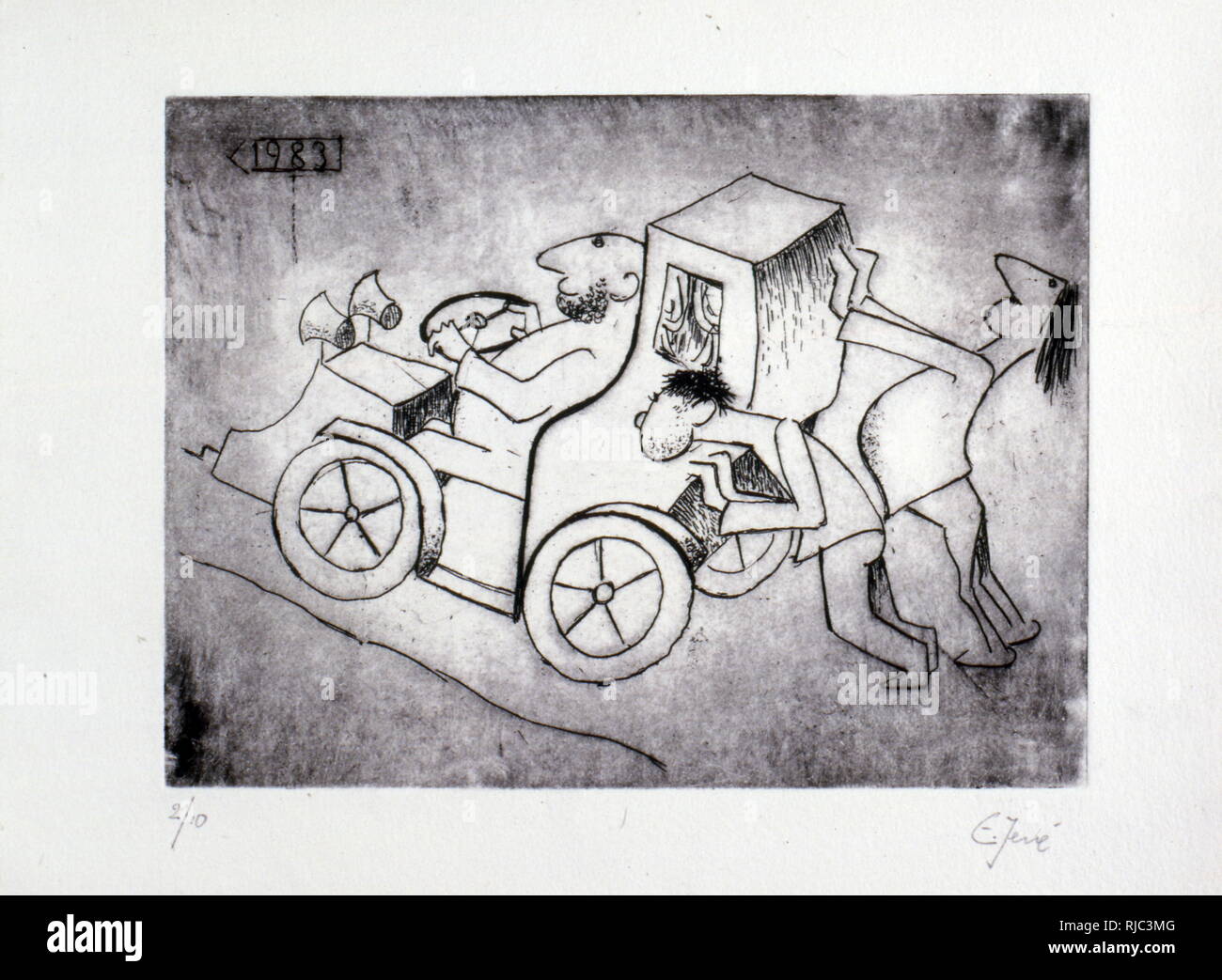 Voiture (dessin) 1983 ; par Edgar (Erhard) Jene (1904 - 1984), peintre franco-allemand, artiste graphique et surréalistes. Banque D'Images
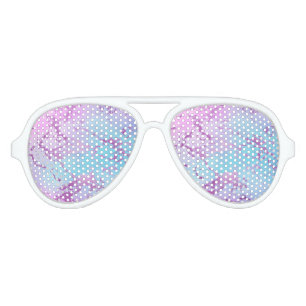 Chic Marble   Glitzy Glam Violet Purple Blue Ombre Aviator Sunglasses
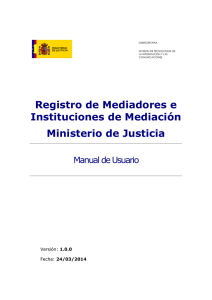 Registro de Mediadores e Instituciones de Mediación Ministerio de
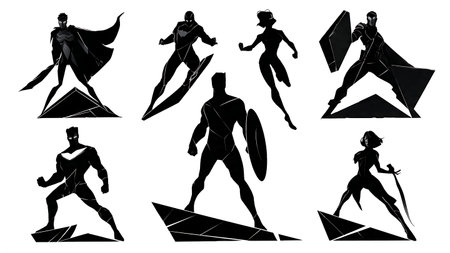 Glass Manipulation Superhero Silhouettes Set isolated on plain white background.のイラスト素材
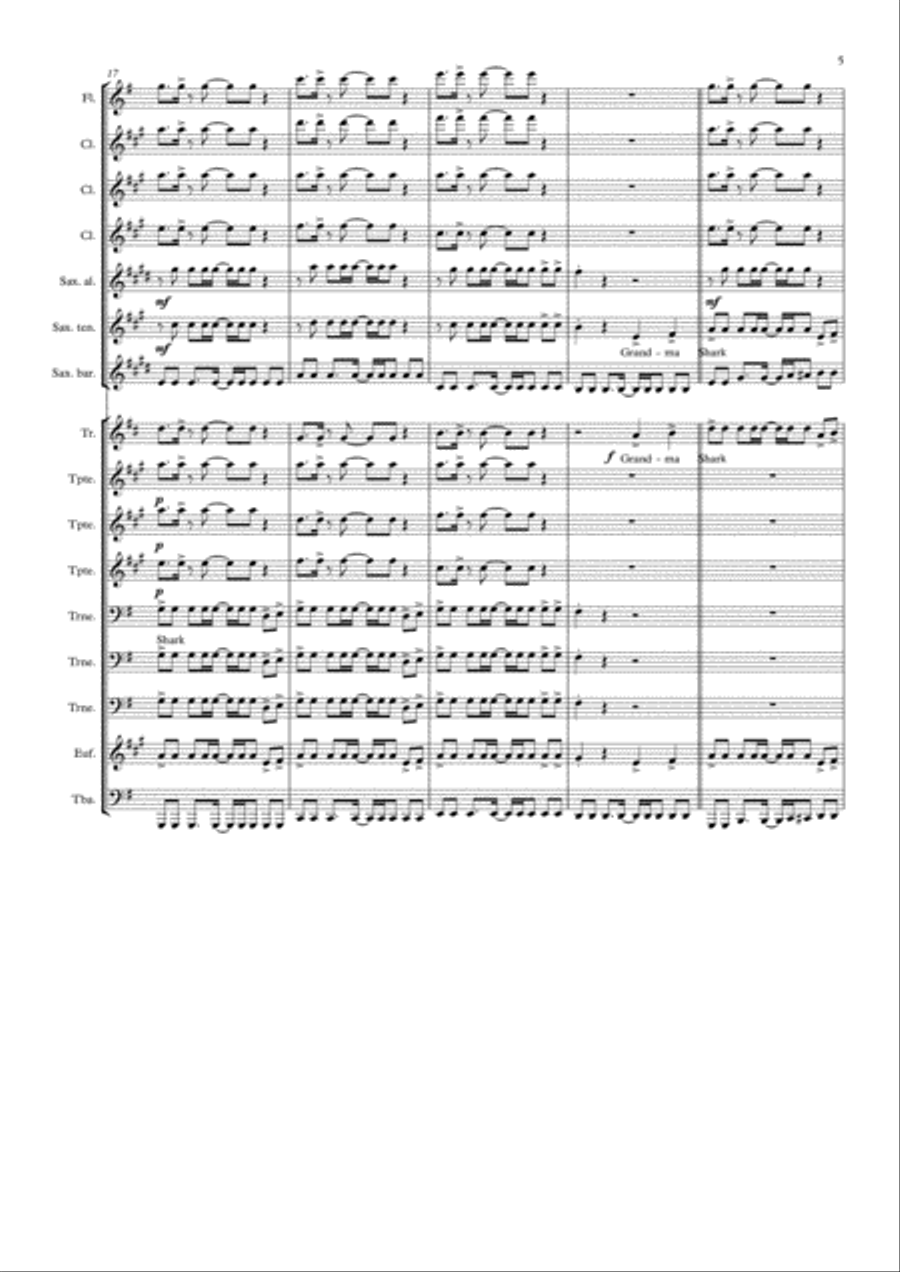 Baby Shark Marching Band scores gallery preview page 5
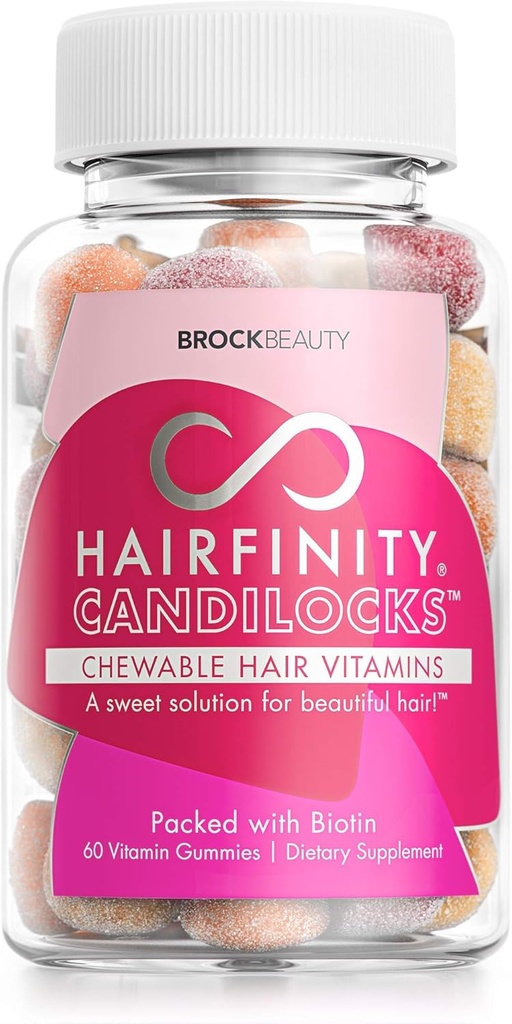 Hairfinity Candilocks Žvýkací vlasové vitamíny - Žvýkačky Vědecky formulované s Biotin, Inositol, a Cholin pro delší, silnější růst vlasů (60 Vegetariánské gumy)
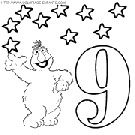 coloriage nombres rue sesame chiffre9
□ □ □ □ □
What the task asks — Return every entry above exactly as written, minus the pictures.

Task solution —
 Voiture (dessin) 1983 ; par Edgar (Erhard) Jene (1904 - 1984), peintre franco-allemand, artiste graphique et surréalistes. Banque D'Images
 Chic Marble   Glitzy Glam Violet Purple Blue Ombre Aviator Sunglasses
 Registro de Mediadores e Instituciones de Mediación Ministerio de
 Glass Manipulation Superhero Silhouettes Set isolated on plain white background.のイラスト素材
 Baby Shark Marching Band scores gallery preview page 5
 Hairfinity Candilocks Žvýkací vlasové vitamíny - Žvýkačky Vědecky formulované s Biotin, Inositol, a Cholin pro delší, silnější růst vlasů (60 Vegetariánské gumy)
 coloriage nombres rue sesame chiffre9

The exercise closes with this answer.